ACTIVITY: Exact duplicates of the lines from the top of the data through the line containing "1 Weber Hill Road Mahopac NY 10541" are needed, with every picture left out.

GIVEN DATA:
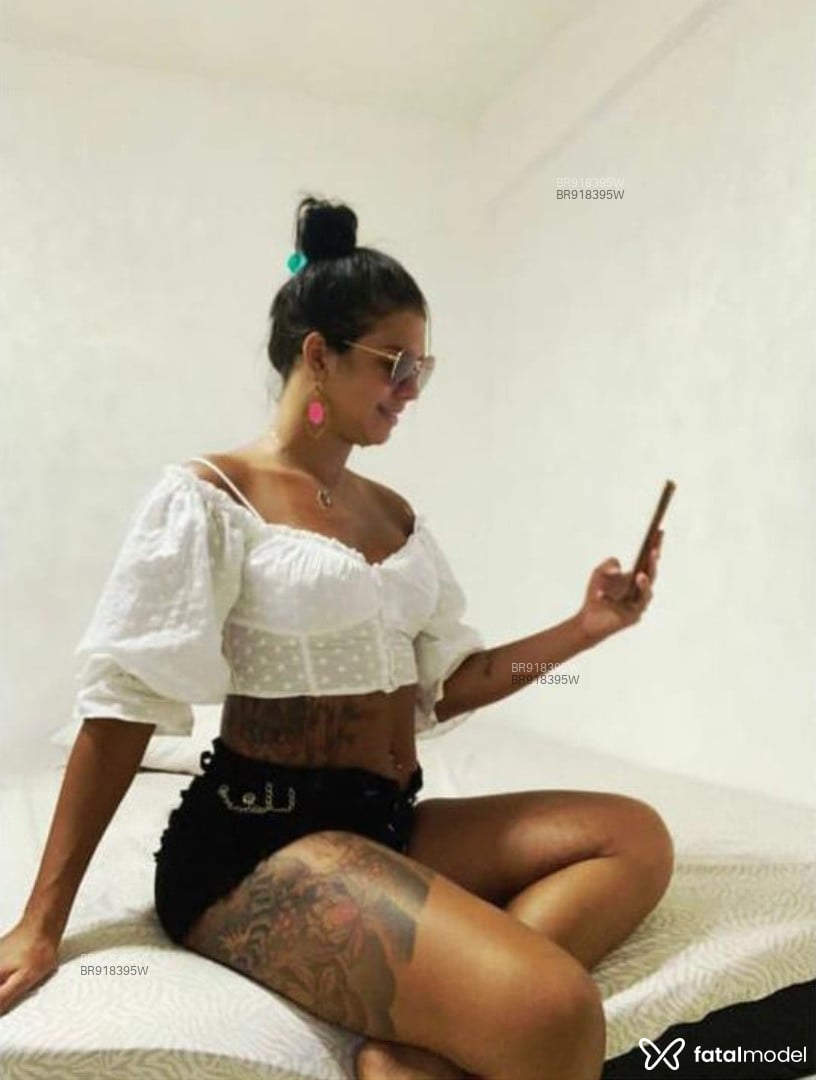 Acompanhante trans morena (o) de olhos pretos - Lizandra tavares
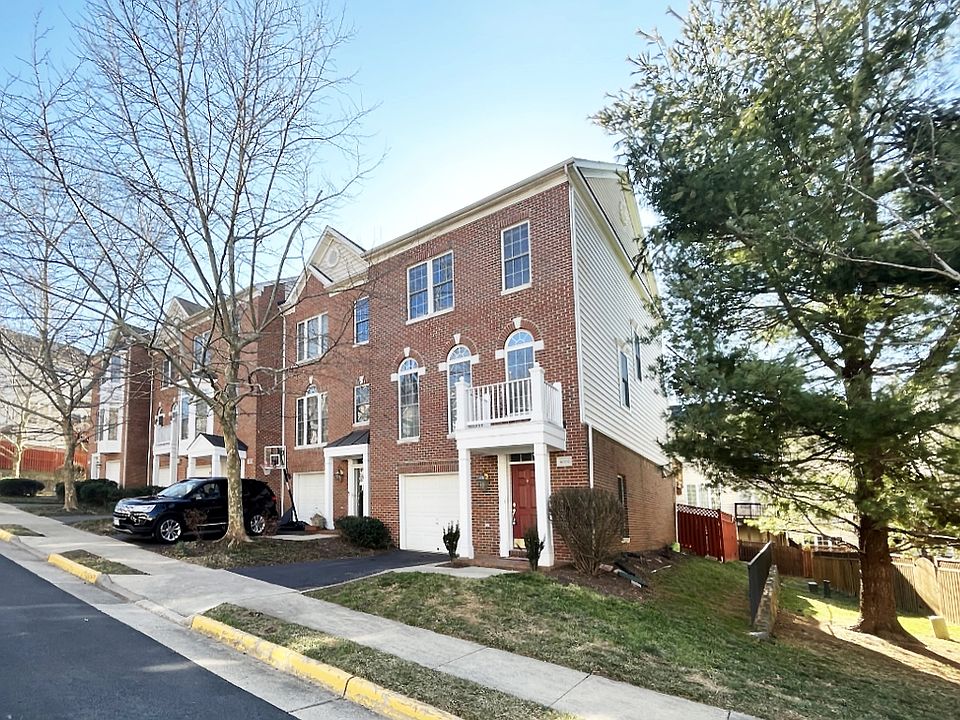 1st image of 4000 Park Chase Dr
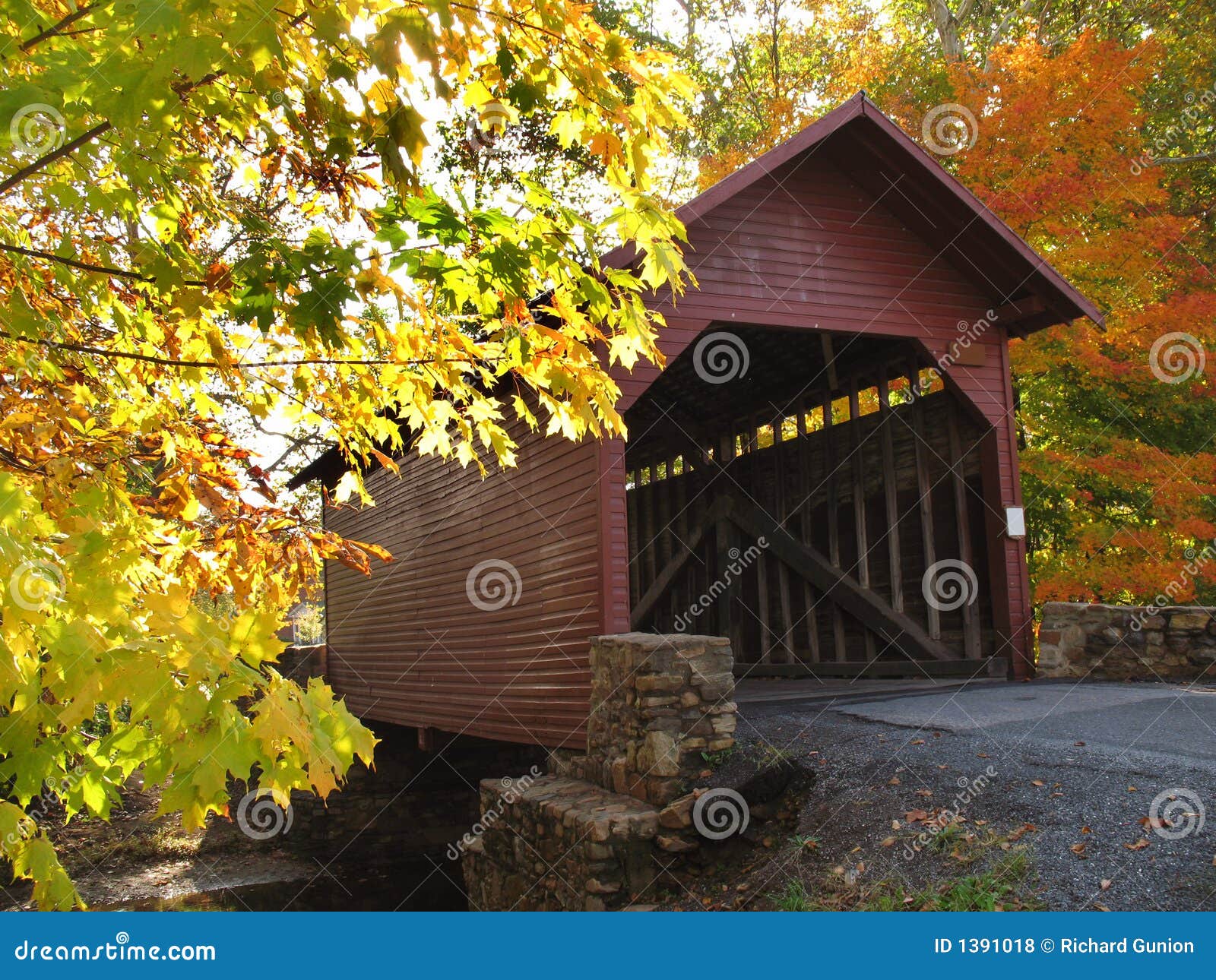 Roddy Road Bridge stock photo. Image of creek, nature 1391018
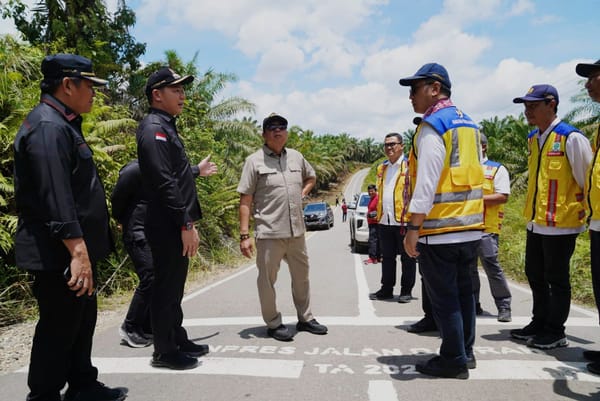Bupati Kapuas Hulu Desak Komisi V DPR Percepat Infrastruktur di Kapuas Hulu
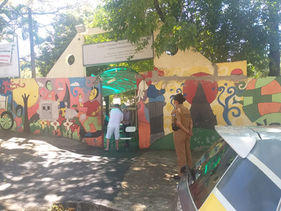 Entrega de merendas escolares para famílias são acompanhadas por policiais militares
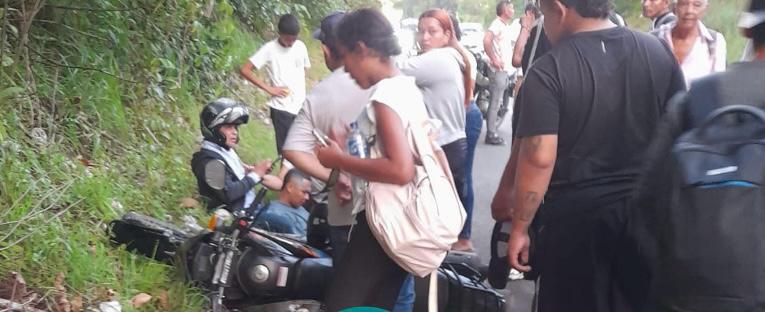Motociclistas embisten a vaca en aparatoso accidente: el animal murió en la vía de Caucasia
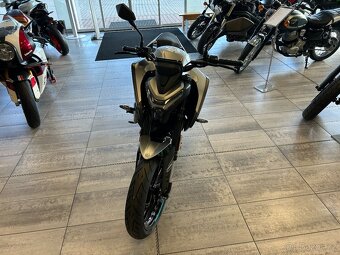 CF Moto NK 125 2026 Gem Black - 8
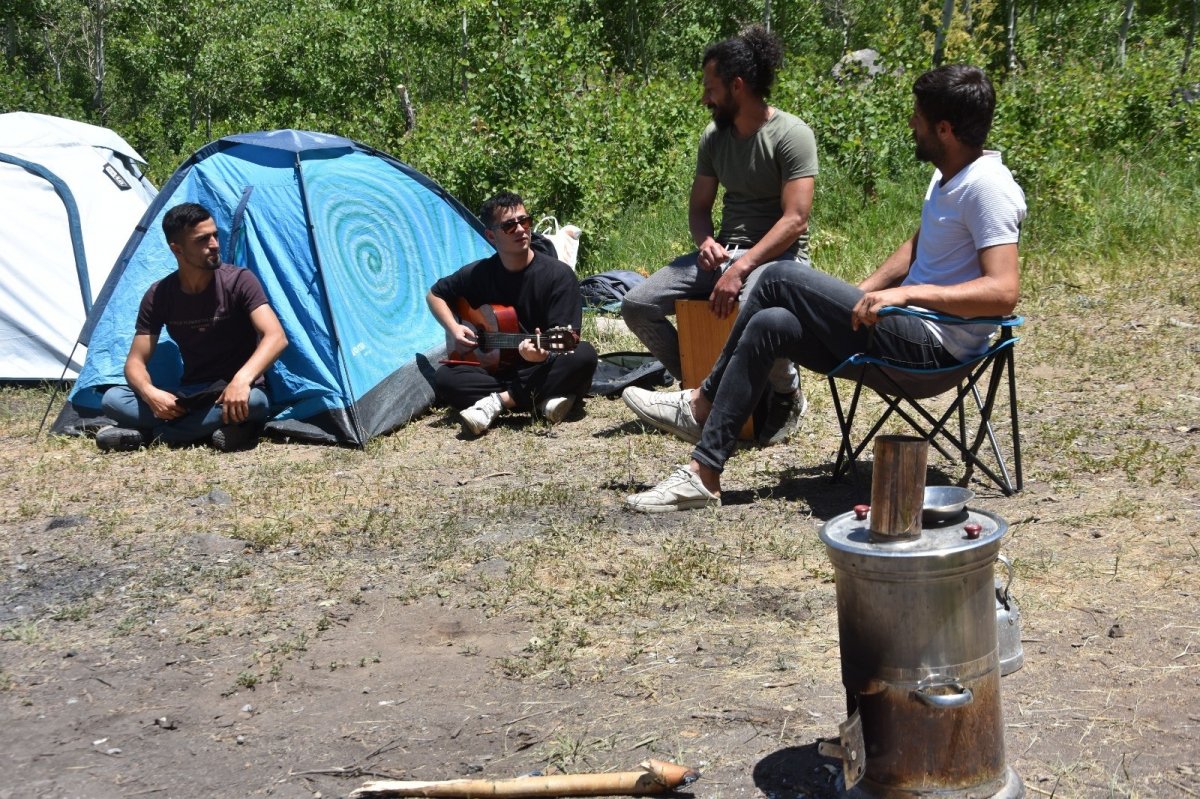 Nemrut Krater Gölü kampçıların yeni gözdesi oldu #9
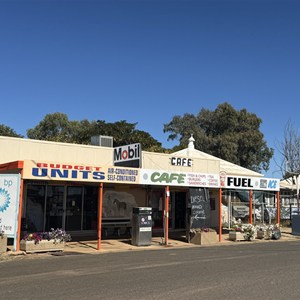 Mobil & Cafe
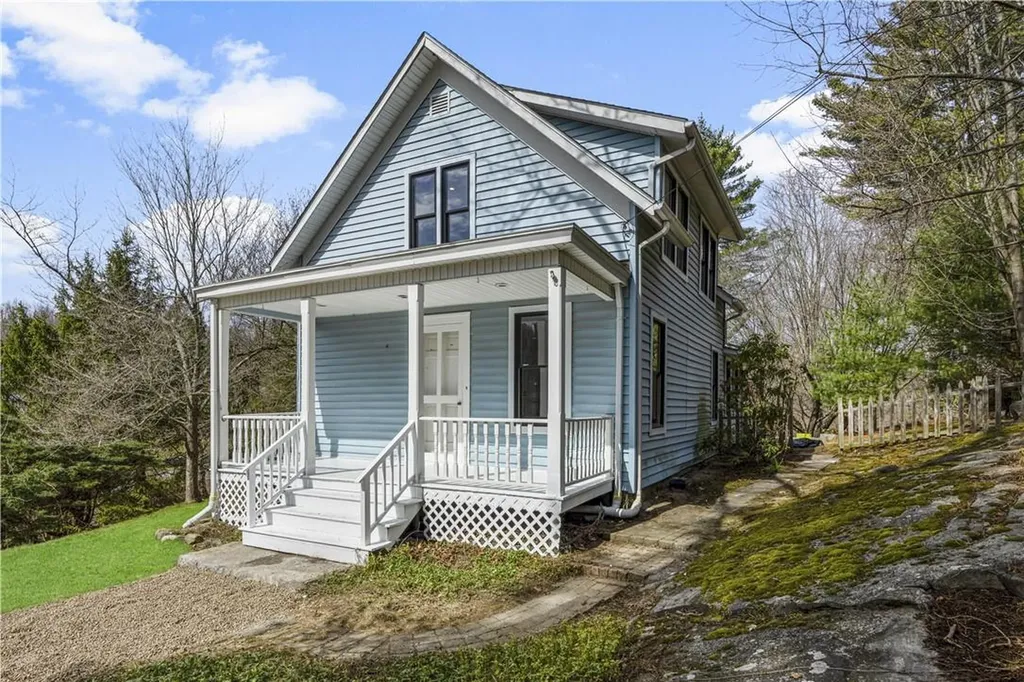1 Weber Hill Road Mahopac NY 10541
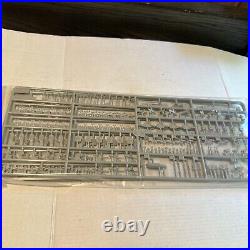 1/350 Boat Model USS Lexington CV2 Aircraft Carrier 05/1942 Trumpeter 05608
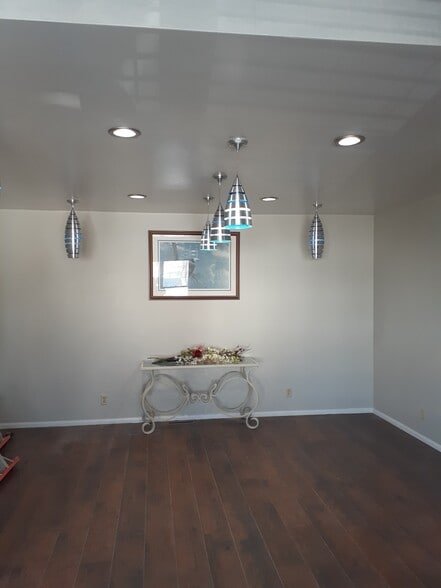 1019 Vandalia St, Collinsville, IL for lease - Building Photo - Image 2 of 11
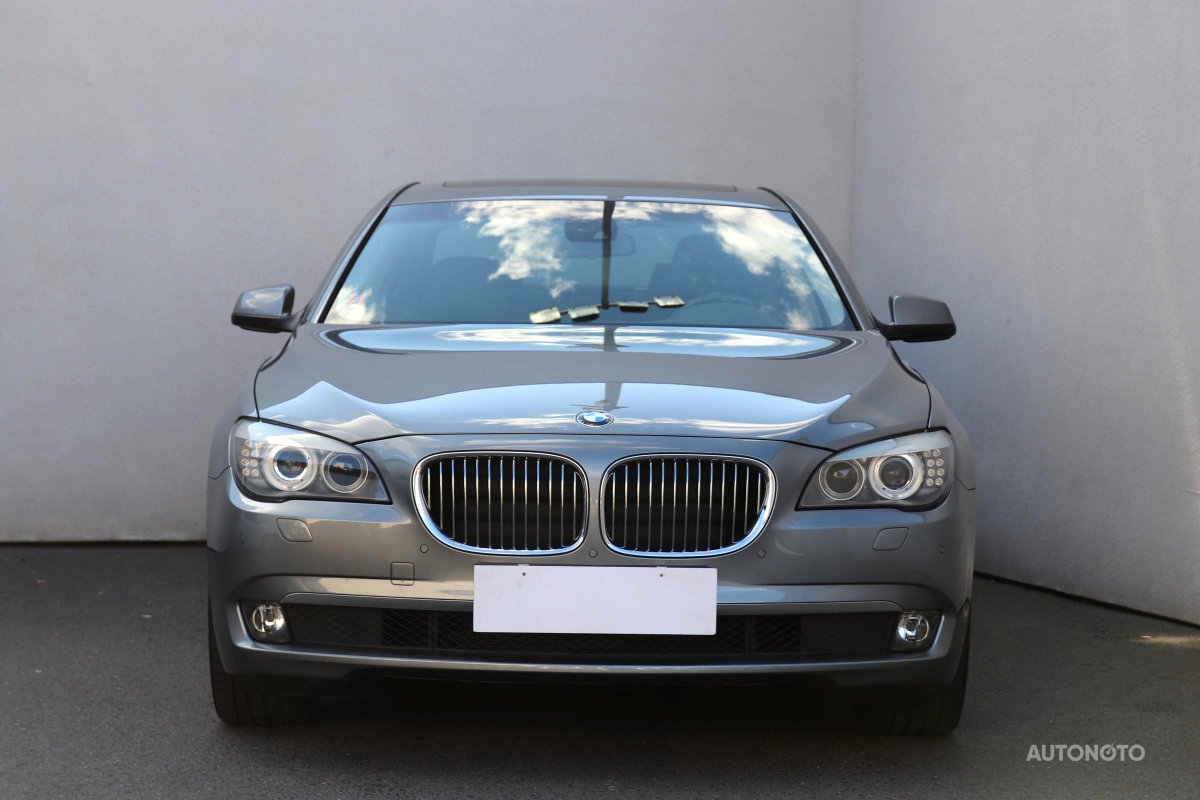 BMW Řada 7, 2012 - pohled č. 2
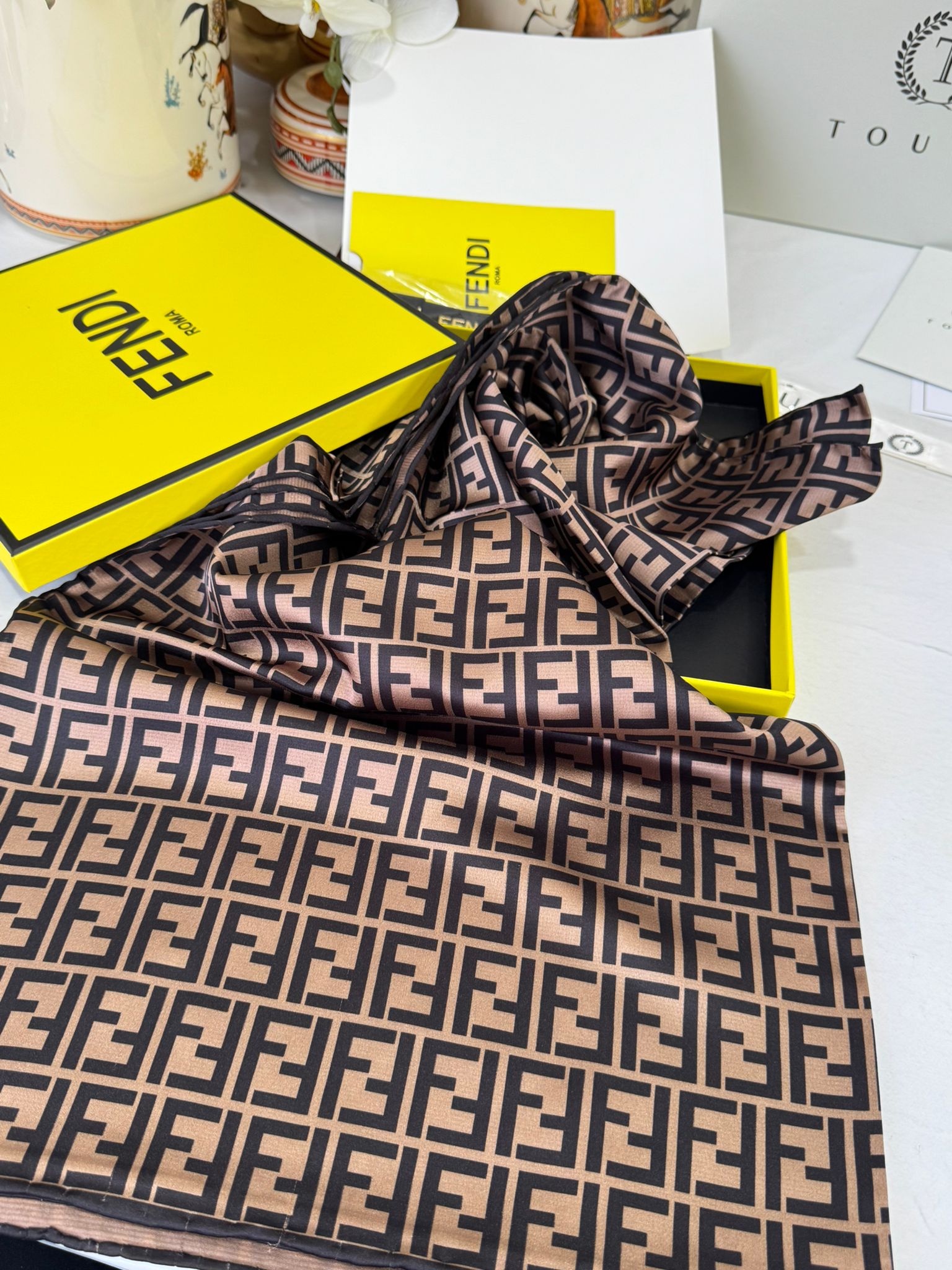 İthal Çifttaraflı Fendi İnci Vual İpek Şal-14500 -Kahve - Görsel 2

SOLUTION TO THIS PROBLEM:
 Acompanhante trans morena (o) de olhos pretos - Lizandra tavares
 1st image of 4000 Park Chase Dr
 Roddy Road Bridge stock photo. Image of creek, nature 1391018
Bupati Kapuas Hulu Desak Komisi V DPR Percepat Infrastruktur di Kapuas Hulu
 Entrega de merendas escolares para famílias são acompanhadas por policiais militares
Motociclistas embisten a vaca en aparatoso accidente: el animal murió en la vía de Caucasia
 CF Moto NK 125 2026 Gem Black - 8
 Nemrut Krater Gölü kampçıların yeni gözdesi oldu #9
 Mobil & Cafe
1 Weber Hill Road Mahopac NY 10541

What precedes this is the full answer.